8.1 Frame Relay
8.1.2 Frame Relay operation
Frame Relay provides a means for statistically multiplexing many logical data conversations (referred to as virtual circuits [VCs]) over a single physical transmission link by assigning connection identifiers to each pair of DTE devices. The service provider's switching equipment constructs a table that maps connection identifiers to outbound ports. When a frame is received, the switching device analyzes the connection identifier and delivers the frame to the pre-established associated outbound port.

The VCs can be either permanent VCs (PVCs) or switched VCs (SVCs). PVCs are permanently established connections that are used when there is frequent and consistent data transfer between DTE devices across a Frame Relay network.

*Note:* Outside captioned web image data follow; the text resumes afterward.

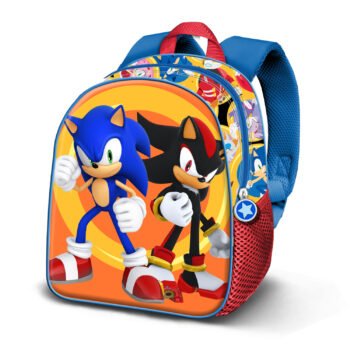 Sonic Mochila Infantil Preescolar Relieve Frontal 3D Multicolor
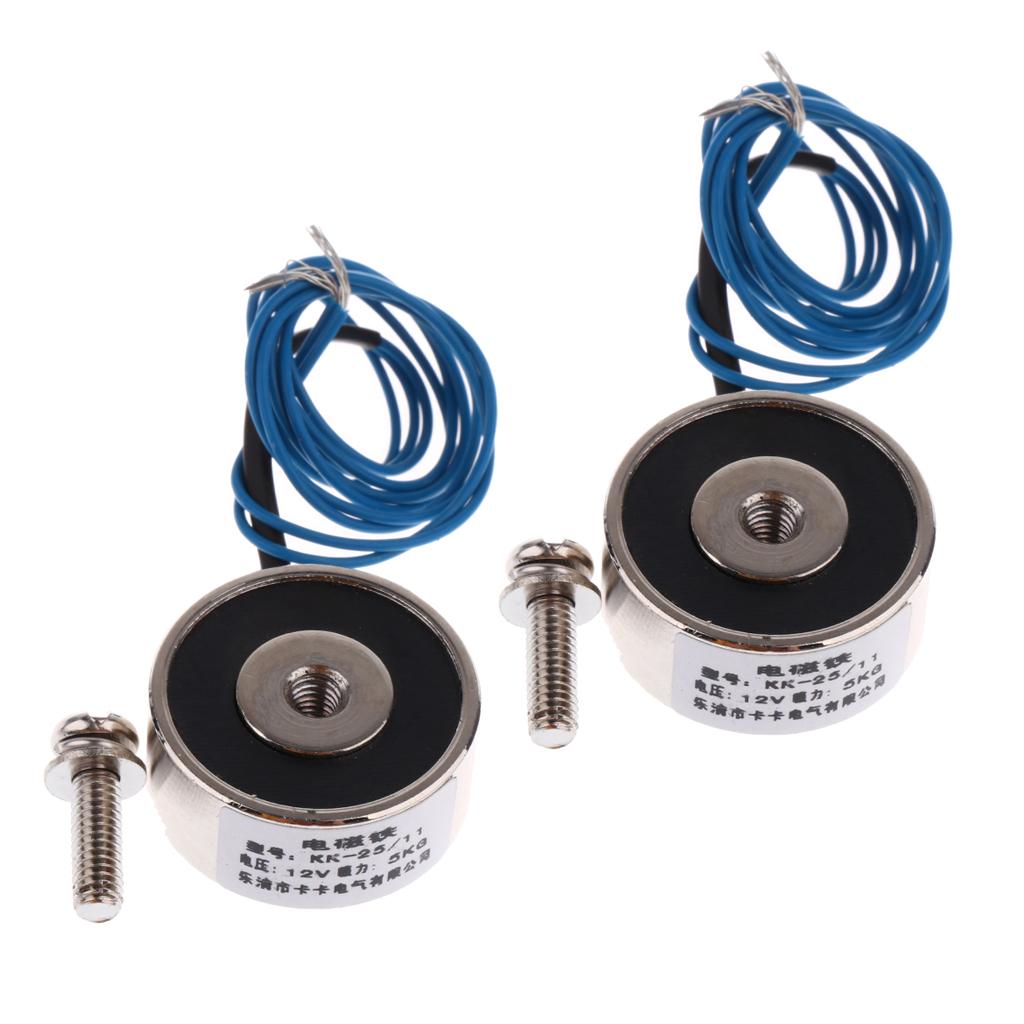 2Pcs DC 12V Ultrathin Sucker Electromagnet Lift Holding KK-25-11
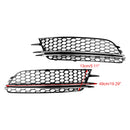 Audi 2012-2015 A6 C7 2PCS Front Fog Light Cover Bezel Black Chrome Grille-26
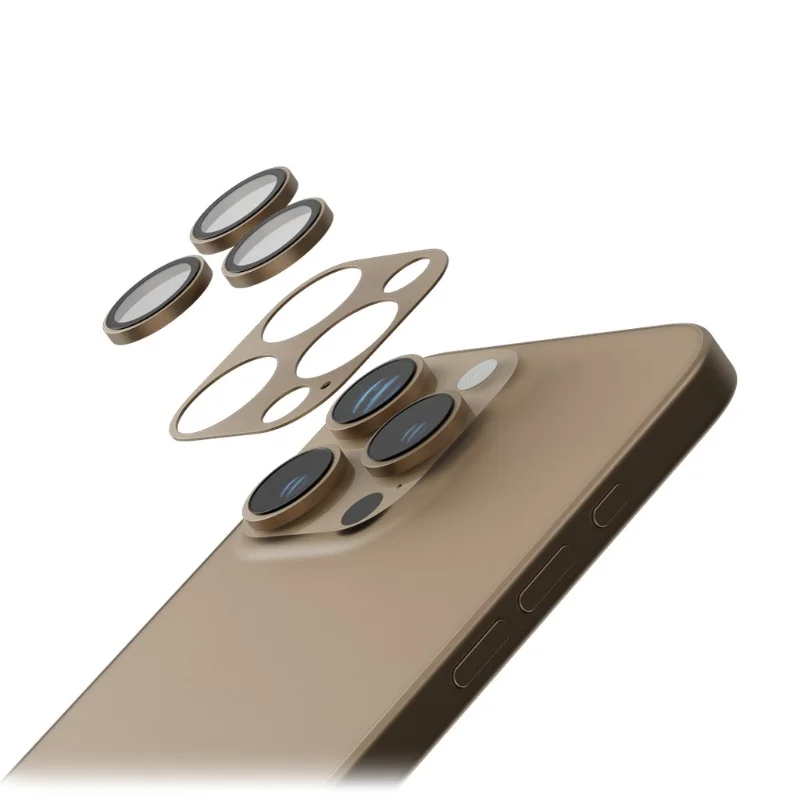 Levelo Trio Pro Camera Lens Protector for iPhone 16 Pro Desert Rose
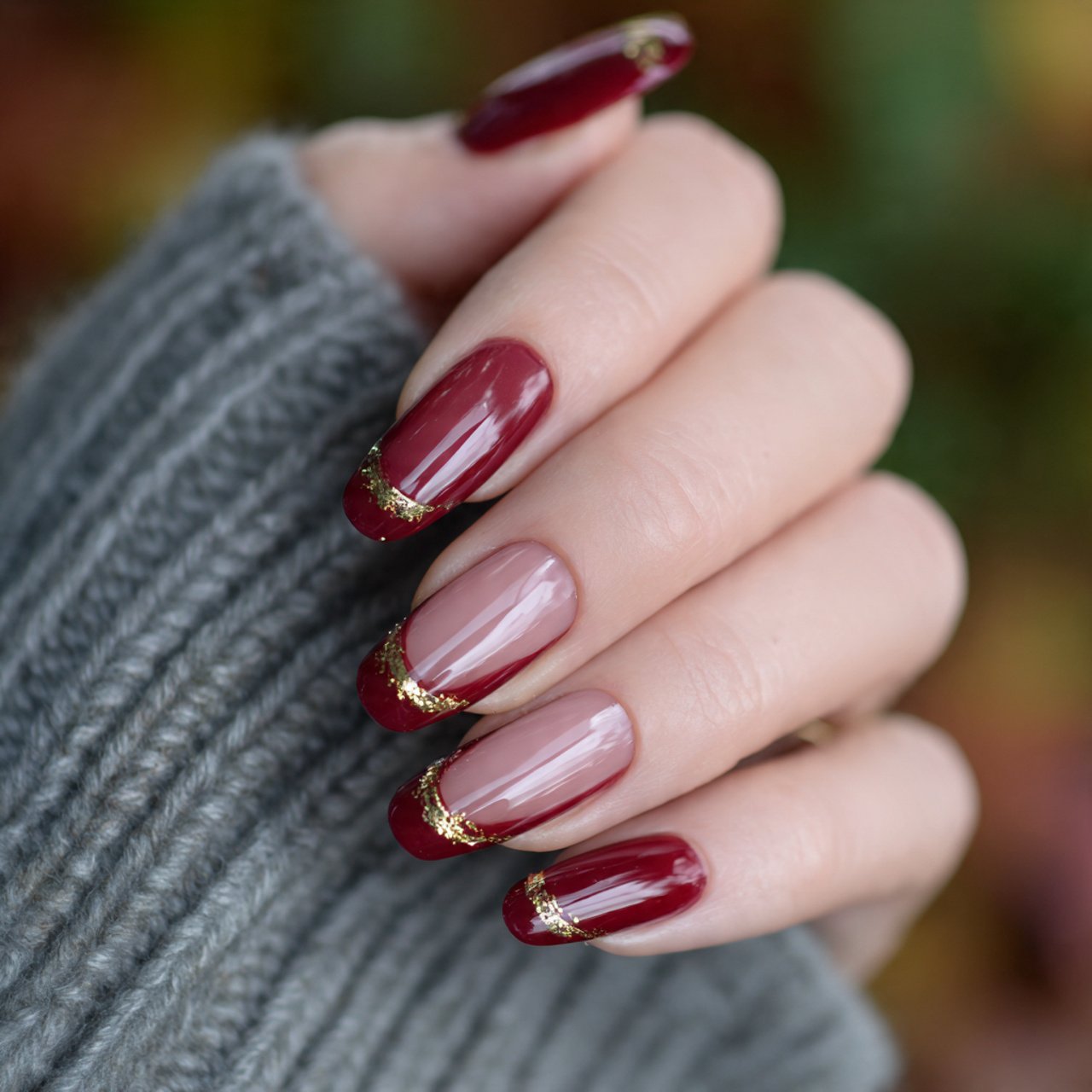 burgundy french with fine gold outline nature look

With ANSI T1.617, ITU-T Q.933 (Layer 3), and Q.922 (Layer 2), Frame Relay now supports SVCs. SVCs are temporary connections, used when there is only sporadic data transfer between DTE devices across the Frame Relay network. Because they are temporary, SVC connections require call setup and termination for each connection. Cisco IOS® Release 11.2 or later supports Frame Relay SVCs. You will need to determine whether your carrier supports SVCs before implementing them.

A data-link connection identifier (DLCI) identifies the logical VC between the CPE and the Frame Relay switch. The Frame Relay switch maps the DLCIs between each pair of routers to create a PVC. DLCIs have local significance in that the identifier references the point between the local router and the Frame Relay switch to which it is connected. Your Frame Relay provider sets up the DLCI numbers to be used by the routers for establishing PVCs.

Local Significance

DLCIs have local significance; that is, the end devices at two different ends of a connection may use a different DLCI to refer to that same connection. The Figure provides an example of one VC identified at each end by two different DLCI numbers.

Because the DLCIs have only local significance, the only real restriction on the use of DLCIs is that they are not used for more than one destination from the same port.

You configure an available DLCI number to map this provided Frame Relay number to a network address. For example, an administrator might map to an IP address of the interface on Router A in the Figure. This mapping in the router points to a static route, which is the PVC to that remote router. For example, the administrator can configure a Frame Relay map for 172.16.11.3 by using the PVC identified as DLCI 500. Frame Relay uses VCs identified with DLCI numbers. The DLCI numbers have only local significance.

The address mapping can be either configured manually or dynamically. With dynamic address mapping, Frame Relay Address Resolution Protocol (ARP) provides a given DLCI and requests next-hop protocol addresses for a specific connection. The router then updates its mapping table and uses the information in the table to forward packets on the correct route. Frame Relay ARP is commonly known as inverse ARP.

When packets are sent across the network, the intermediate switches will look up the DLCI in the map table and do the following:

  • If the DLCI is defined on the link, the switch will forward packets toward their destination.
  • If the DLCI is not defined on the link, the switch will discard the frame.

DLCI Numbering Scheme

The Frame Relay service provider will assign the DLCI numbers for your WAN. Usually, DLCIs 0 to 15 and 1008 to 1023 are reserved for special purposes. Therefore, service providers typically assign DLCIs in the range of 16 to 1007.

Multicasts can use DLCI 1019 and 1020. Cisco Local Management Interface (LMI) uses DLCI 1023 and ANSI/ITU-T uses DLCI 0 (there is a discussion on LMI in the following section).